My first attempt was 2⁶³-1 as a signed 8 bytes integer (1 bit for a sign and 63 bit for the number itself). Then, I checked `.size` to ensure it takes 8 bytes only.

`(2**63-1).size=> 8`

You may start arguing here about the `.size` method on integers. We will come back to this later.

For a reason I don’t remember, I decided to find when Ruby would start returning 9 bytes, and, surprisingly, for me, it wasn’t 2⁶³.

`(2**63).size=> 8`

The first number is 2⁶⁴.

`(2**64).size=> 9`

For a second, I thought: okay, maybe it’s stored like an unsigned 8 bytes integer (all 8 bytes for the number itself). But checking how many bytes would take a negative number killed that idea.

`(-1*(2**64-1)).size=> 8`

# How can Ruby fit 8 bytes of data and a sign into 8 bytes?

And now goes the long answer.

First of all, the `size` method depends on the machine.

But that’s not all. As we know, everything in Ruby is an object: including numbers. Some objects may have different behavior than others due to internal implementation. For example, `Symbols` and `Fixnums` (now with the `Bignum` part of the `Integer` class) are special.

Having this in mind, `Integer#size` doesn’t return the full size of the object but only its number part.

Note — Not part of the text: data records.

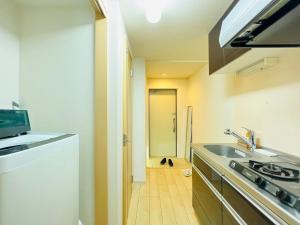 Una pequeña cocina con fregadero y estufa. en Nishishinjuku 902, en Tokio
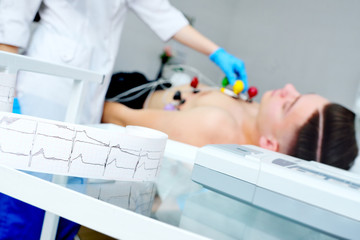 doctor with electrocardiogram equipment making cardiogram test to male patient in hospital clinic - obrazy, fototapety, plakaty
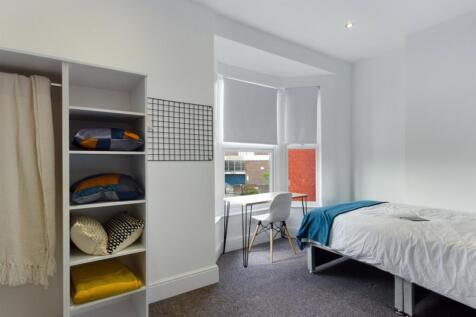 A bright and inviting double bedroom with ample...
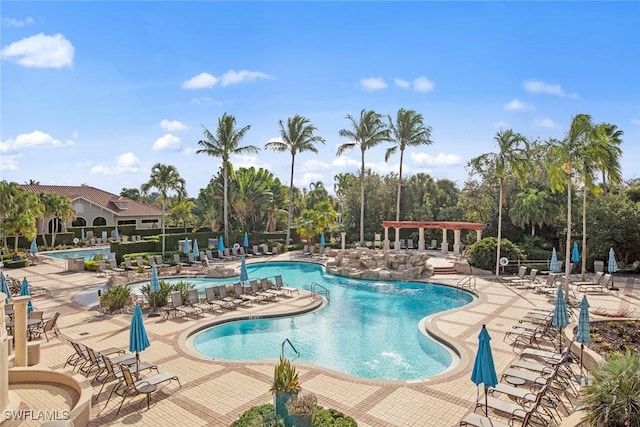 view of swimming pool featuring a patio area and pool water feature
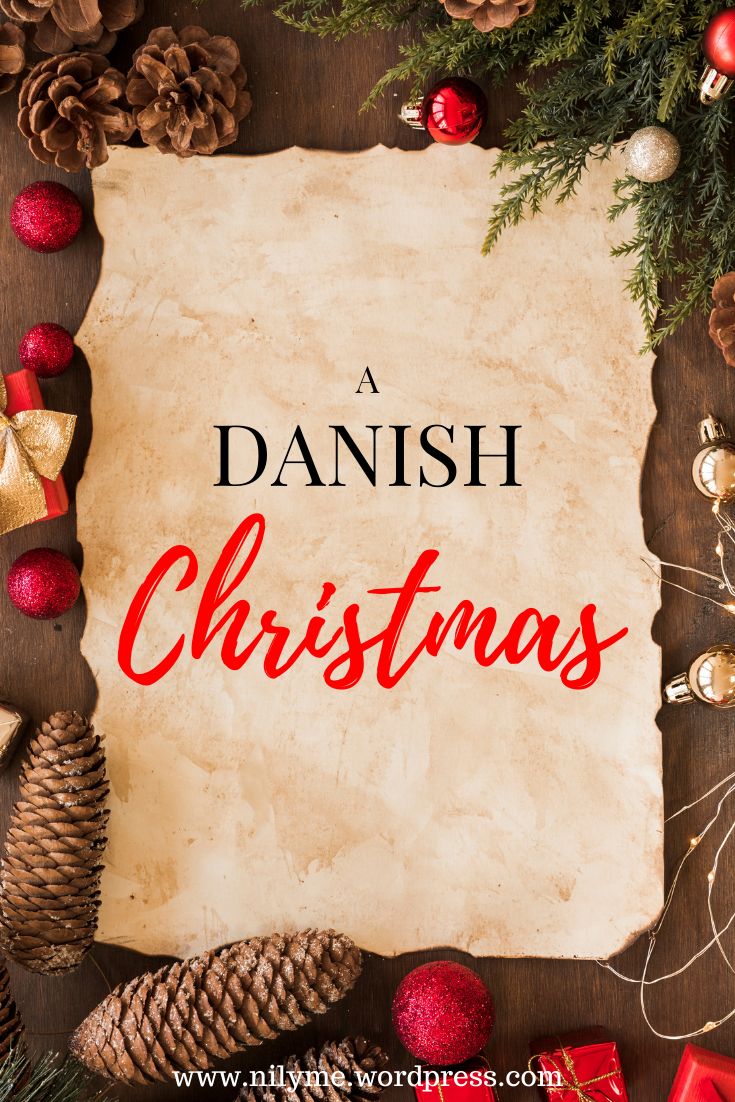 an old paper with the words danish christmas written on it surrounded by pine cones and ornaments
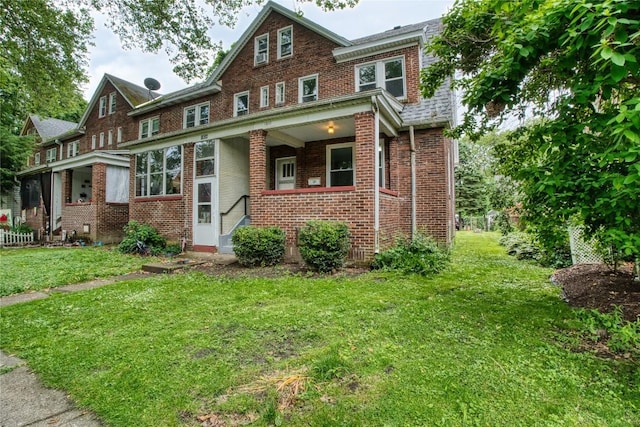 1032 Newton Ave, Erie, PA 16511 - view of front of property featuring brick siding and a front lawn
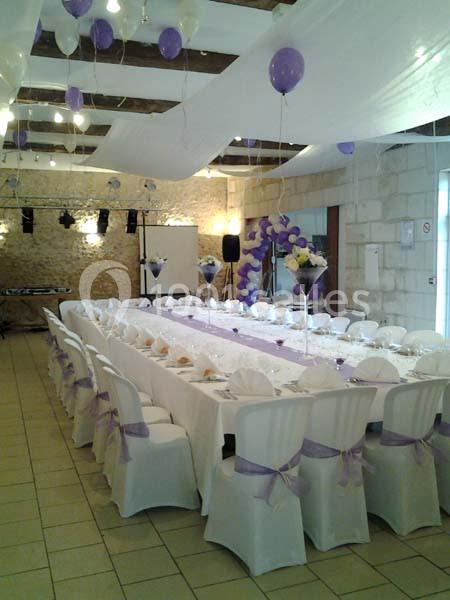 Salle décorée pour un événement, avec une grande table dressée, chaises blanches ornées de rubans violets et ballons…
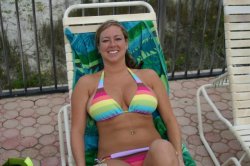 brothersister69:  My sister always looks good in her striped bikini.  But she looks even better out of it.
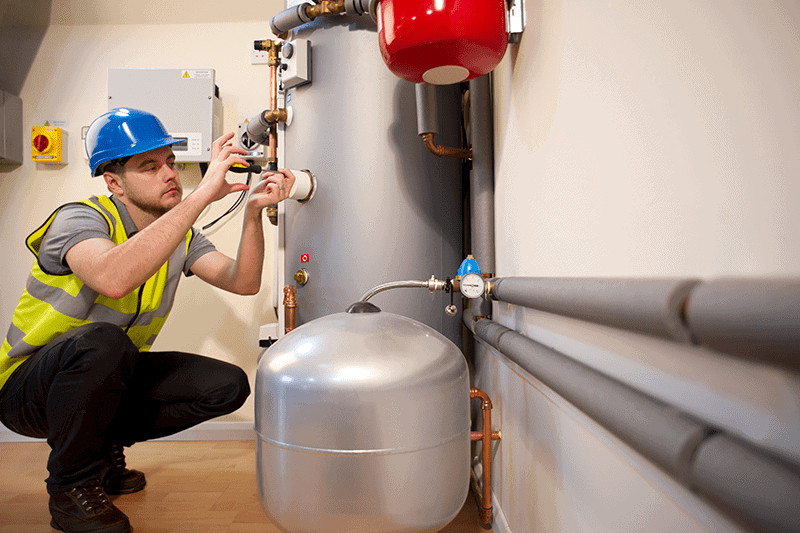 Image of a technician working on a furnace. 7 Furnace Maintenance Tips.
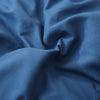 A close-up of a deep blue luxury polyester pillow cover set fabric with soft folds.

To get the actual size of the object, we should use `ObjectSpace.memsize_of `instead.

`ObjectSpace.memsize_of(2**63)=> 40`

Now, the size is 40 bytes, equal to the `RValue` struct size that Ruby allocates to store objects.

What would be the size of 2⁶³-1 in Ruby’s object space? Let’s find out.

`ObjectSpace.memsize_of(2**63-1)=> 40`

Okay, still 40 bytes. That means my initial gut feeling didn’t bring me anywhere. After slightly decreasing the power number, we can end up with the new number.

`ObjectSpace.memsize_of(2**62-1)=> 0`

2⁶²-1 gives 0 bytes in the object space!

That means Ruby VM doesn’t allocate extra memory for every number (from -2⁶² to 2⁶²-1). It stores the number in its reference pointer, which takes 8 bytes only.

# Why is it important to know?

There are two main reasons: performance and memory consumption.

Operating with `Bignum` (behind the scene, such `Integer` numbers are still `Bignum` ) is slower.

We can check this with the following simple benchmark.

`require 'benchmark/ips'Benchmark.ips do |x|  x.report('Fixnum') { 2**60 + 2**60 }  x.report('Bignum') { 2**64 + 2**64 }end`

And the results.

`Warming up --------------------------------------              Fixnum     1.160M i/100ms              Bignum   323.084k i/100msCalculating -------------------------------------              Fixnum     11.542M (± 1.0%) i/s -     58.021M in   5.027510s              Bignum      3.214M (± 0.9%) i/s -     16.154M in   5.026065s`

As we can see, operating with `Fixnum` (8 bytes only integers) is almost four times faster on addition operation. I expect a more considerable difference in more complex math operations.

Gladly or not, Ruby developers rarely need to think about memory issues due to Garbage Collector’s (GC) work. Unfortunately, sometimes this freedom from memory control can hit us.

For example, Ruby rarely can free the memory back to the system, which means we would rather avoid memory bloats. Mostly, memory bloats are hard to deal with, so why not eliminate potential issues when we can do it for no cost?

In my case, creating millions of random numbers in a few seconds that would take place in object space wasn’t perfect. So having bounds between -2⁶² and 2⁶²-1 for a random number would make the memory consumption smoother.